Umas palavras para ti...

08:49

Queria escrever-te algo com os olhos de antes, mas a caneta escapa-se para o estatuto que agora tens para mim e isso, naturalmente, exige um distanciamento que já não é forçado. Forçado é aquilo que me tento obrigar a fazer, ver-te com o encantamento de antes, admirar todo o teu ser como antes, sugar a tua alma como antes. Mas, hoje, que já me alimentaste o suficiente, sinto-me esfomeada por novas almas, com sede de saciar a minha curiosidade e a minha necessidade do outro em outras pessoas que não tu. Pois para mim já não constituis a novidade, o estranho, o diferente. Deste-te a conhecer depressa de mais e eu cansei-me de ti, ou talvez até tenha sido eu, que com pressa de te conhecer revelei uma perspicácia e sagacidade que desconhecia.

Caramba, eu queria mesmo escrever algo que antes vinha ditado do coração, mas agora parece que ele se recusa a colaborar naquilo que não serão mais do que meia dúzia de palavras que vais ler a correr e que, embora não lhes dediques a contemplação de antes, ainda te vão ocupar o pensamento durante um tempo longo (e já se desejava que não fosse assim). Sei que quando é o sentimento que me dita as palavras que escrevo, o sentido das palavras extrapola um discurso literal. Não, não pretendo remeter-te para interpretações profundas, pois receio que o que vais encontrar por lá já não seja mais do que um tecido fino, danificado ao centro por um grande buraco que tende a aumentar se for pressionado nesse sentido.
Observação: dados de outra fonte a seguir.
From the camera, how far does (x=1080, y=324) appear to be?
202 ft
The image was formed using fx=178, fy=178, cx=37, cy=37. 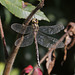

Desta metáfora espero que percebas o meu conselho. Não dá para remendar o buraco com linhas de empatia que são difíceis de enfiar na agulha da honestidade pessoal. Mesmo que ainda fossem dados uns pontos nesse remendo, ficariam sempre imperfeições e debilidades. Não quero que tentes refazer o tecido, pensa que talvez até possa vir a estar um dia na moda das relações sociais. O tecido somos eu e tu, com as nossas histórias partilhadas, contudo existe aquele espaço que nos afasta e que ao mesmo tempo protege os nossos egos da intromissão mútua. Quando te digo que não tentes remendar é precisamente para não fazeres incursões nesse sentido, porque às tantas, como o tecido é fino, pode ressentir-se das pressões e acabar mesmo por se rasgar, separando de uma vez tudo aquilo que já não é meu e tudo aquilo que era de ti e já não me pertence. Portanto, não vale a pena forçar aquilo que, no curso natural das coisas, está previsto funcionar assim, numa lógica determinista, que à primeira vista parece aleatória.